Chinese cuisine is what it is, because of those goofy chopsticks. It offers a wide variety of dishes, usually eaten with rice or noodles, with the meat or vegetables in every dish cut up into small chopstick-manageable pieces. Each dish will likely have a sauce which handily sticks grains of rice together, so that they too are chopstick-manageable. And, imho, Chinese cuisine is amongst the tastiest cuisines in the world.

You see, the dominance of a lousy technology may appear to have positive consequences. Chinese cuisine would not be what it is, were it not for chopsticks. It would be something else.

Despite this positive outcome, we cannot logically conclude: “therefore chopsticks are a good thing”. They are not, they’re ridiculous.

What has this got to do with Productivity?

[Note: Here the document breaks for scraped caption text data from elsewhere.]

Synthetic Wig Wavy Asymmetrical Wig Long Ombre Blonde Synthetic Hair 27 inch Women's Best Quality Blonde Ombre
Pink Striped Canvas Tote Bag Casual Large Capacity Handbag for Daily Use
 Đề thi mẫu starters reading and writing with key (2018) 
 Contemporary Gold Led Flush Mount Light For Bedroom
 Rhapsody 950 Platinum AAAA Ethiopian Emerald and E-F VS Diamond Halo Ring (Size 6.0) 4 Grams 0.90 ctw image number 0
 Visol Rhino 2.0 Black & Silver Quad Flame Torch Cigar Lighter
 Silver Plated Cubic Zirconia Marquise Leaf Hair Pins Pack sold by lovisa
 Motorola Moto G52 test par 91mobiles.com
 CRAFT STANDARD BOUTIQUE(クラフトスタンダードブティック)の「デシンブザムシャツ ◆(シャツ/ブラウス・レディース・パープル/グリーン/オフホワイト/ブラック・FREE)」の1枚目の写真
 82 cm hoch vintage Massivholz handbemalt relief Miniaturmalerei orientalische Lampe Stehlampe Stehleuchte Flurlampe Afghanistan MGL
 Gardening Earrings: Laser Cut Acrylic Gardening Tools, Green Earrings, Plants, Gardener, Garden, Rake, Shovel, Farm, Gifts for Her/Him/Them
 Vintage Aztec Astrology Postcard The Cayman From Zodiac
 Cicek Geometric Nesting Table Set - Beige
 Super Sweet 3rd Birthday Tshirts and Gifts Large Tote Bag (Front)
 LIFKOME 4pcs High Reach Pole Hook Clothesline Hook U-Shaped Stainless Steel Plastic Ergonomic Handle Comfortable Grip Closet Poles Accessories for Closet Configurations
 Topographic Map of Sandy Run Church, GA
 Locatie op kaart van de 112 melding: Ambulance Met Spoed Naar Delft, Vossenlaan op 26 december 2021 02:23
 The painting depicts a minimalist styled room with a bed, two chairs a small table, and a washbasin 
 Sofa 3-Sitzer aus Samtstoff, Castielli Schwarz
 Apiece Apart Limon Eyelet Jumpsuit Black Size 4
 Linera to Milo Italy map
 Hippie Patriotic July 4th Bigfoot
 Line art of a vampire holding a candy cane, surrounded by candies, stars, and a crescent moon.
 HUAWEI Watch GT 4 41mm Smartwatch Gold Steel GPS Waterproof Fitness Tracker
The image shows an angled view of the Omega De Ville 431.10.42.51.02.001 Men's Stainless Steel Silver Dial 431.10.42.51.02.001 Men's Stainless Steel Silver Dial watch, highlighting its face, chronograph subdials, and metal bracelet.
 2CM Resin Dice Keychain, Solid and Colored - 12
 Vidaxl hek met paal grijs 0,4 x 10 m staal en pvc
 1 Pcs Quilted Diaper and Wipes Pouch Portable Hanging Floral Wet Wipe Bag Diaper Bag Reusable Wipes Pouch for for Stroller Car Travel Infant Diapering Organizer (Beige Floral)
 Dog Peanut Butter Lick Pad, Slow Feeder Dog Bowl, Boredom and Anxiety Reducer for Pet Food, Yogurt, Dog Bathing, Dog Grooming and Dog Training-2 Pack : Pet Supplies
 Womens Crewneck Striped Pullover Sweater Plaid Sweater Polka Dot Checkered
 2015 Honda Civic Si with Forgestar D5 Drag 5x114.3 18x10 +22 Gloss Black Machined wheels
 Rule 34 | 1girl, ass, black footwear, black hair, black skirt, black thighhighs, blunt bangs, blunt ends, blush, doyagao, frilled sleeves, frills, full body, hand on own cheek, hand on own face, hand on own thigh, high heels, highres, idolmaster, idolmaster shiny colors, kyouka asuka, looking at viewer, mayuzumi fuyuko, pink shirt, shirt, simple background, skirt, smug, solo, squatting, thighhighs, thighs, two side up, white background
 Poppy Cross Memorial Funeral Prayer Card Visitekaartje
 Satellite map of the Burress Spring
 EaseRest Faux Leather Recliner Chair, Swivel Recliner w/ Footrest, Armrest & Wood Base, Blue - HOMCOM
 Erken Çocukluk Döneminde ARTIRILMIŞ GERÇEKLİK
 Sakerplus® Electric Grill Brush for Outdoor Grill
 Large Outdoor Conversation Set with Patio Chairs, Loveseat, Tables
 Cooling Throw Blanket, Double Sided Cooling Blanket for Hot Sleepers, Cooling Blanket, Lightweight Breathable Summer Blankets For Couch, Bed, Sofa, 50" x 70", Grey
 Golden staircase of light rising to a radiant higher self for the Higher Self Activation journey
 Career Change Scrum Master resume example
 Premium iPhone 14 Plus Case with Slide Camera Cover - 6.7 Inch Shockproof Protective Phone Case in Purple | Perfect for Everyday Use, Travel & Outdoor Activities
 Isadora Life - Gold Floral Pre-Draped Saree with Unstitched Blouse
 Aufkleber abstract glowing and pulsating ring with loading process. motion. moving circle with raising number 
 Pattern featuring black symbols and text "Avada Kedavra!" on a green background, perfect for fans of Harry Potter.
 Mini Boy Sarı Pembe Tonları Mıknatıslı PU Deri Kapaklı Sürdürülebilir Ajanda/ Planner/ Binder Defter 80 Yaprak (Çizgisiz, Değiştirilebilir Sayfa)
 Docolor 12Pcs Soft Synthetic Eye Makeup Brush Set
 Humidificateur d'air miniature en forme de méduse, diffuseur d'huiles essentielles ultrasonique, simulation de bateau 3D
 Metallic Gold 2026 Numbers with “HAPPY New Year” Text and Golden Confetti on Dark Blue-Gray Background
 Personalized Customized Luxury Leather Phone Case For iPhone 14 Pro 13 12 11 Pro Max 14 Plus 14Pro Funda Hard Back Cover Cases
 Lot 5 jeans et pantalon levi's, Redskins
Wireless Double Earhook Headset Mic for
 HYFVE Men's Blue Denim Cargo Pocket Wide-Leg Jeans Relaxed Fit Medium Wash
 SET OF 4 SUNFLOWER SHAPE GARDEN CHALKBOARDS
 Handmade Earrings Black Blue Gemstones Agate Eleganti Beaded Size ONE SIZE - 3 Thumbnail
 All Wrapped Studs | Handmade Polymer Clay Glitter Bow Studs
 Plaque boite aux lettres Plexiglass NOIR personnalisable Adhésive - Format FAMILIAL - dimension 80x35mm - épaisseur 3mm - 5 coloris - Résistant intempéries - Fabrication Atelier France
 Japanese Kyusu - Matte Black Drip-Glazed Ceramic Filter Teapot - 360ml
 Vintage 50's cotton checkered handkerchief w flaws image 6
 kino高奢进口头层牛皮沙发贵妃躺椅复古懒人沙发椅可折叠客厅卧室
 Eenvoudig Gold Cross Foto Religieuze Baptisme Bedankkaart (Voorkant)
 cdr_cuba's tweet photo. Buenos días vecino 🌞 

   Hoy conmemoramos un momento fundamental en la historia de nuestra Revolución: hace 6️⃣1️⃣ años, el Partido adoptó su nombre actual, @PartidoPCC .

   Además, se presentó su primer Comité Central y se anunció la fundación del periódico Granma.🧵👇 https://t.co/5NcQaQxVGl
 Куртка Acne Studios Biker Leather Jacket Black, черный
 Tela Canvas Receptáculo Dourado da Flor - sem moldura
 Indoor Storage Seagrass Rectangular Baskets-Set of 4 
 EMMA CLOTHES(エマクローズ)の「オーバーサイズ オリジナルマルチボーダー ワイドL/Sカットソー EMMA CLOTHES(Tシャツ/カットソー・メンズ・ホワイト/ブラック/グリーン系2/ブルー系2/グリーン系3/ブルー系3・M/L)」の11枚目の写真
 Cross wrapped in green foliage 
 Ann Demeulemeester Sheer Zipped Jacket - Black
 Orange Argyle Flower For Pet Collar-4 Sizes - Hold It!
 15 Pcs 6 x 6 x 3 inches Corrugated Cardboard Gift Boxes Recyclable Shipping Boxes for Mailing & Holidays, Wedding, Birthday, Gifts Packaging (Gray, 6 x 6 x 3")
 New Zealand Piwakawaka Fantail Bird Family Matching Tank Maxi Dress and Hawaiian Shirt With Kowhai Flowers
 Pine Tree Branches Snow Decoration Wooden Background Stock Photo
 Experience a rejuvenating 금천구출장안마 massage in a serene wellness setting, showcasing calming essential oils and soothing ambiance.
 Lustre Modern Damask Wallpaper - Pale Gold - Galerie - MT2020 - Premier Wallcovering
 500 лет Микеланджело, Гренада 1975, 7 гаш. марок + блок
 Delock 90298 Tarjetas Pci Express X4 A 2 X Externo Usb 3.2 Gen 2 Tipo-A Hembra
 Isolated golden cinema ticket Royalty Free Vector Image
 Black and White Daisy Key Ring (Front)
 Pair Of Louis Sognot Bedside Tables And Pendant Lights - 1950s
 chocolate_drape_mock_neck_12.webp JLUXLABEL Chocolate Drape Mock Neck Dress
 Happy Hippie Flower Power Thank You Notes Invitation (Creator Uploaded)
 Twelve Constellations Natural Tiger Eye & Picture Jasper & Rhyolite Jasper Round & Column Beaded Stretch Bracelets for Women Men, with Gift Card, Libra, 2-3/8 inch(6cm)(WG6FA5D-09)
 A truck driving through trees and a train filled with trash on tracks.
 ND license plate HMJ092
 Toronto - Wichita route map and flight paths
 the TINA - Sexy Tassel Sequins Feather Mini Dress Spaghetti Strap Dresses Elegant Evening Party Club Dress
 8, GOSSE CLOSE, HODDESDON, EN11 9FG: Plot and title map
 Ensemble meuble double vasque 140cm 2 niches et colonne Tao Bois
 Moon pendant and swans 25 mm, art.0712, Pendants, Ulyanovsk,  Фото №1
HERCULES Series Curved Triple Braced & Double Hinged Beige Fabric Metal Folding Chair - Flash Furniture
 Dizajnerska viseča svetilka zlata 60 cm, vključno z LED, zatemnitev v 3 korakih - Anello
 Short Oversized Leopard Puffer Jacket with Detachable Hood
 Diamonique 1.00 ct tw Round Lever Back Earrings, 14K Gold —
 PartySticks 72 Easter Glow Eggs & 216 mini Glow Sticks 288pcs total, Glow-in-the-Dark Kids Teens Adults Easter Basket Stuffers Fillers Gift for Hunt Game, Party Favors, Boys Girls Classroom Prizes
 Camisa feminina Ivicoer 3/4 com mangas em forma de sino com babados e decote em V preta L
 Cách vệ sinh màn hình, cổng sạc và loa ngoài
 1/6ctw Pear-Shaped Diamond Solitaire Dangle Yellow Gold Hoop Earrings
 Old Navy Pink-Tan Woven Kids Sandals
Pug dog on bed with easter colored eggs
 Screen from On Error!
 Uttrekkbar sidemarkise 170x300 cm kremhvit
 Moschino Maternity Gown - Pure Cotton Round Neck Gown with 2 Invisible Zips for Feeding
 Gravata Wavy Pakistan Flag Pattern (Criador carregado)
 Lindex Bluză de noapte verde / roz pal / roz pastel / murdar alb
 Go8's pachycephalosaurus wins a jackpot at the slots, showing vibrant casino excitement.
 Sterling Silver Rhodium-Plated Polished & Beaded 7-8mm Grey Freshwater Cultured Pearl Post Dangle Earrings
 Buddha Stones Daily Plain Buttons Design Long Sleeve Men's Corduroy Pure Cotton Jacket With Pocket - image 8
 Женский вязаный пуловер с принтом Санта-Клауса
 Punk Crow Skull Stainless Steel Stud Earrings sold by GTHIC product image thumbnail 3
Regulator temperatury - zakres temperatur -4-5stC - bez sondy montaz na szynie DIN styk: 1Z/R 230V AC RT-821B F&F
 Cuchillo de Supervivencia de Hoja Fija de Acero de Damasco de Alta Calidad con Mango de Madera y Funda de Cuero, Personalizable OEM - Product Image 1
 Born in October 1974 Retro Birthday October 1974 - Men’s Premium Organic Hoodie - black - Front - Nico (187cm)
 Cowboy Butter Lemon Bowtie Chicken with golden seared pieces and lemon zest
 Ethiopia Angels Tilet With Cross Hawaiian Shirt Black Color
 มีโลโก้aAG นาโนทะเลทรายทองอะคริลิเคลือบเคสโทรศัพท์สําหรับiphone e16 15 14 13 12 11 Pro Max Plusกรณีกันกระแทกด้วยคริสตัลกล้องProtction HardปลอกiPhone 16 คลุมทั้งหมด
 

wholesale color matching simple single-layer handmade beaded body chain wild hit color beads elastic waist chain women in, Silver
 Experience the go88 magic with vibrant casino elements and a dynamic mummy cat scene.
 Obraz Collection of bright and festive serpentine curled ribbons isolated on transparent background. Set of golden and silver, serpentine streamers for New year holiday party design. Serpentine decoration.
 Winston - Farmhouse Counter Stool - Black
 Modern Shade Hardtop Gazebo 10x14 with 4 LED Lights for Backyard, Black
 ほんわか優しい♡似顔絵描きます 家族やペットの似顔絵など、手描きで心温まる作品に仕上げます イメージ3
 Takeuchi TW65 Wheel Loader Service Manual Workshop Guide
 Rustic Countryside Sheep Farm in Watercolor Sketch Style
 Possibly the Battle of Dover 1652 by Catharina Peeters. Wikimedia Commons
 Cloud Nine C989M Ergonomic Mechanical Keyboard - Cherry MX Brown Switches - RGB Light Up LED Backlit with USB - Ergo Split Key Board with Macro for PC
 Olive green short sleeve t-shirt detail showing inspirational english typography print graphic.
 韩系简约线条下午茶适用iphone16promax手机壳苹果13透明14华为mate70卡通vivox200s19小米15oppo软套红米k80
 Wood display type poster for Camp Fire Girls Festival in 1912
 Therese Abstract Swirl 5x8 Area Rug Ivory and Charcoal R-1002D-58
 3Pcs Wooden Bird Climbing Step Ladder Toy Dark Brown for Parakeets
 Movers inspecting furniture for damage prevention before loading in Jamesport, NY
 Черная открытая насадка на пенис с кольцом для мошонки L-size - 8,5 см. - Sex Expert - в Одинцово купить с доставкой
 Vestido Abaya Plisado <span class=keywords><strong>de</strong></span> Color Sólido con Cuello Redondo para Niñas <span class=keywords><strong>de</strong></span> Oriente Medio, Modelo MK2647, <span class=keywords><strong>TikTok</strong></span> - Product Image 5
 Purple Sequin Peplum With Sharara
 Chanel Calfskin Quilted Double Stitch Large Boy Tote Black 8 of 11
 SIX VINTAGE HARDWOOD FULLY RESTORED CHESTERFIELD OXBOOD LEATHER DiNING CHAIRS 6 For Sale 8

Just one point, things are not what they seem. What looks like a clever idea can have many drawbacks.  I’m not about to have a long rant against the mouse, but it is worth noting that nobody ever gets taught to use a mouse. Let me explain:

There are three modes of working with a desktop computer:

  1. Two hands at the keyboard – highly productive for most applications.
  2. One hand on the keyboard and one on the mouse – less productive for most applications but most productive for graphical applications. (Note that if you’re left handed this is a different and probably more inconvenient experience – keyboards are build for the right-handed.)
  3. One hand on the mouse – usually least productive.

When should you be using which approach? The answer to this depends on the context, but to some extent also on the mouse you have.

The original Apple mouse hand but one button. Steve Jobs kept to this for years and it was, no doubt about it, dumb. Steve Jobs is a genius in many ways, but he got snakes in his head when it came to the mouse.

Here’s one of the main things that is wrong with the mouse:

It’s easier to explore a new piece of software using the mouse than it is using the keyboard.

We actually tend to do that in mode 3 (as described above.) We lean back and mouse around. The consequence is that the first way we learn to do most things in a new application is via the least productive mode of using the computer.

That wouldn’t be so bad if we got into the habit of learning the mode 1 way of using the application later on, but most of us don’t.

3 Responses

  1. Ok, stop me if you’ve heard this, however, didn’t he invent the mouse? Are we to understand that he came up with the least productive method for using our computer? What does this say about current technologies? Specifically ones that he’s invented?

  2. No Steve Jobs did not invent the mouse. It was invented at Xerox PARC before Apple was founded. As regards the productivity of the mouse, it is not unproductive per se, it is unproductive if used when the keyboard is much faster.
    In many graphical applications the keyboard is out of its depth and it is the mouse that delivers the productivity.
    As regards ‘what that says’, as far as the evolution of productivity on the computer is concerned, it often demands counter intuitive leaps to come up with improvements. Steve Jobs has been responsible for, or when not responsible, at least complicit in many Interface innovations. Some of them have been excellent contributions and some have not.
    The Mac offers the best User Interface primarily because Steve Jobs has been better at this than his competitors.

  3. Intellectually, I knew that. So, the new rule is to not post blog comments after having stayed up 23 hours straight….

    I agree with the rest of your reply.